It has been owing to unremitting hurry of business that I have not written to you, Madam, long ere now. My health is greatly better, and I now begin once more to share in satisfaction and enjoyment with the rest of my fellow-creatures.
Many thanks, my much esteemed friend, for your kind letters; but why will you make me run the risk of being contemptible and mercenary in my own eyes? When I pique myself on my independent spirit, I hope it is neither poetic licence, nor poetic rant; and I am so flattered with the honour you have done me in making me your compeer in friendship and friendly correspondence, that I cannot without pain, and a degree of mortification, be reminded of the real inequality between our situations.
Most sincerely do I rejoice with you, dear Madam, in the good news of Anthony. Not only your anxiety about his fate, but my own esteem for such a noble, warm-hearted, manly young fellow, in the little I had of his acquaintance, has interested me deeply in his fortunes.
Falconer, the unfortunate author of the “Shipwreck,” which you so much admire, is no more. After witnessing the dreadful catastrophe he so feelingly describes in his poem, and after weathering many hard gales of fortune, he went to the bottom with the
Aurora
frigate!
I forget what part of Scotland had the honour of giving him birth; but he was the son of obscurity and mis’ortune.
110
He was one of those daring, adventurous spirits, which Scotland, beyond any other country, is remarkable for producing. Little does the fond mother think, as she hangs delighted over the sweet little leech at her bosom, where the poor fellow may hereafter wander, or what may be his fate. I remember a stanza in an old Scottish ballad, which, notwithstanding its rude simplicity, speaks feelingly to the heart: —
Little did my mother think,
That day she cradled me,
What land I was to travel in,
Or what death I should dee!
Old Scottish songs are, you know, a favourite study and pursuit of mine, and now I am on that subject, allow me to give you two stanzas of another old simple ballad, which I am sure will please you. The catastrophe of the piece is a poor ruined female, lamenting her fate, She concludes with this pathetic wish: —
O that my father had ne’er on me smil’d;
O that my mother had ne’er to me sung!
O that my cradle had never been rock’d;
But that I had died when I was young!
O that the grave it were my bed;
My blankets were my winding sheet;
The clocks and the worms my bedfellows a’;
And O sad sound as I should sleep!
I do not remember in all my reading to have met with anything more truly the language of misery than the exclamation in the last line. Misery is like love; to speak its language truly, the author must have felt it.
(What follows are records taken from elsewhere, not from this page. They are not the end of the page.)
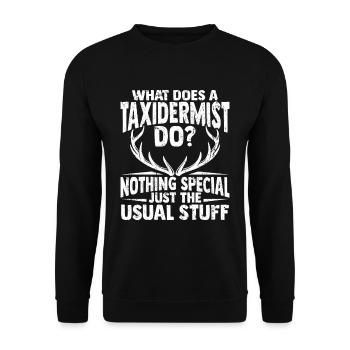 Präparator Design zum Ausstopfen von Tieren - Unisex Pullover - Schwarz - Vorne - Alina (178cm) & Michal (187cm)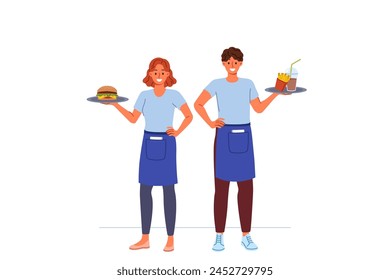 Waiters from fast food restaurant work together to deliver customers order, holding burgers and fries on trays. Man and woman working as waiters in cafe, enjoying jobs in hospitality industry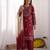 deep red cotton poly embroidered palazzo set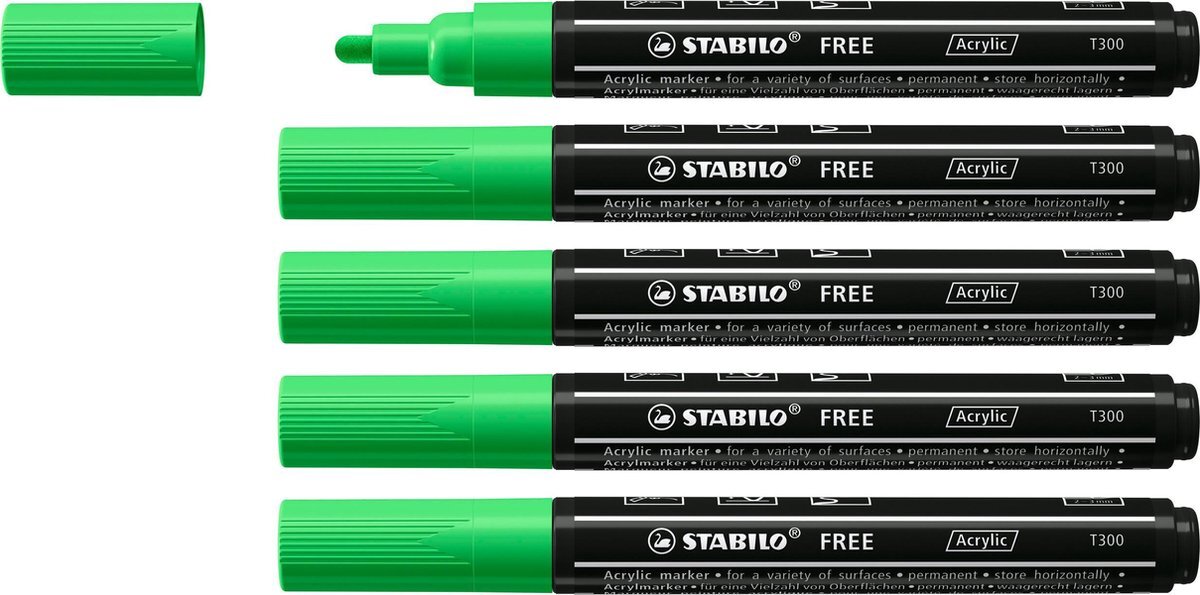 Stabilo FREE - Acryl Marker - T300 - Ronde Punt - 2-3 mm - Blad Groen - Doos 5 stuks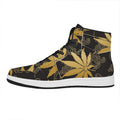 Gold Cannabis Leaf Pattern Print High Top Leather Sneakers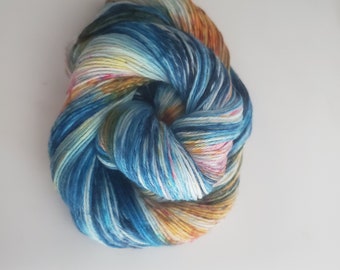 Oasis- 100% Organic Cotton, Hand Dyed, Fingering Weight, Speckles, Sock Weight Yarn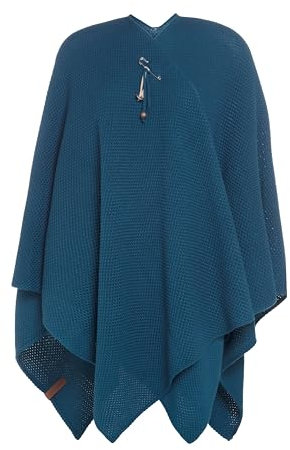 KNIT FACTORY - Jazz Poncho - Elegant Gestrickter Damen Cape - Wickelschal mit Wolle - Hochwertige Qualität - Petrol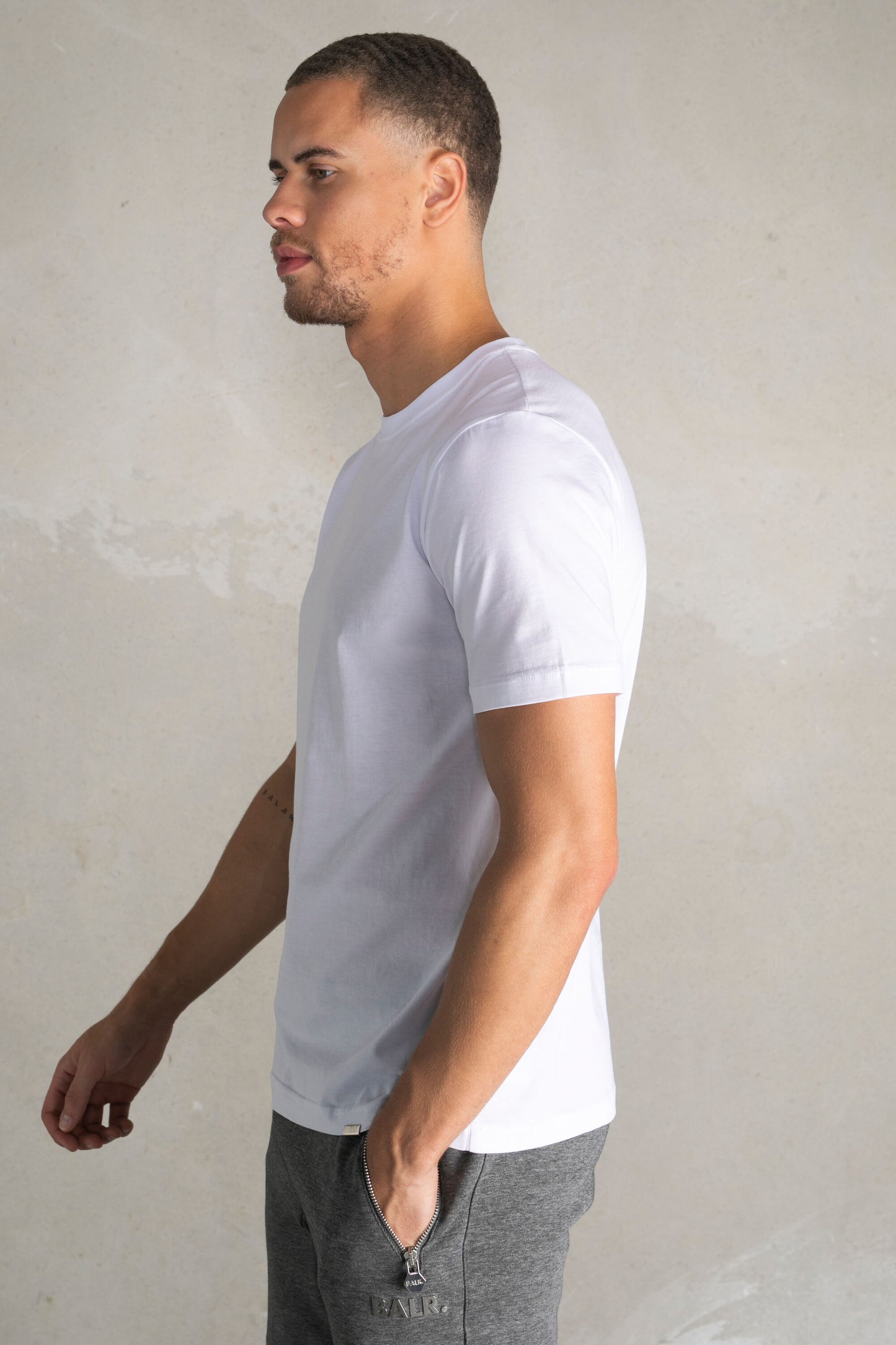 BALR. Classic Metal Clip Straight Fit T-Shirt Bright White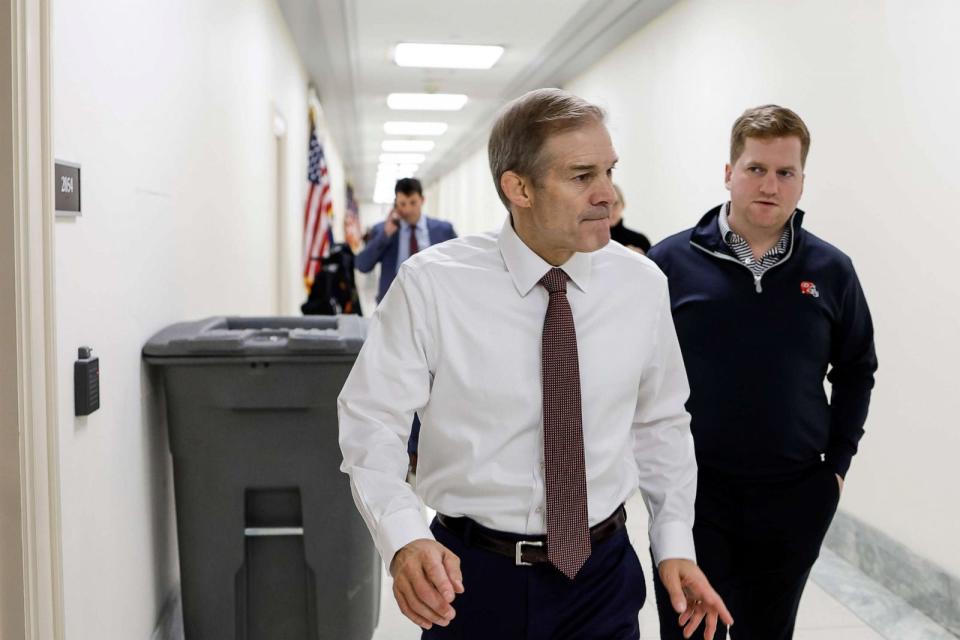 PHOTO: Rep. Jim Jordan leaves his office in the Rayburn House Office Building on October 16, 2023 in Washington, DC. (Anna Moneymaker/Getty Images)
I am every day expecting the doctor to give your little godson the small-pox. They are
rife
in the country, and I tremble for his fate. By the way, I cannot help congratulating you on his looks and spirit. Every person who sees him, acknowledges him to be the finest, handsomest child he has ever seen. I am myself delighted with the manly swell of his little chest, and a certain miniature dignity in the carriage of his head, and the glance of his fine black eye, which promise the undaunted gallantry of an independent mind.
I thought to have sent you some rhymes, but time forbids. I promise you poetry until you are tired of it, next time I have the honour of assuring you how truly I am, etc.
R. B.
110
He was of poor parentage, and a native of Edinburgh.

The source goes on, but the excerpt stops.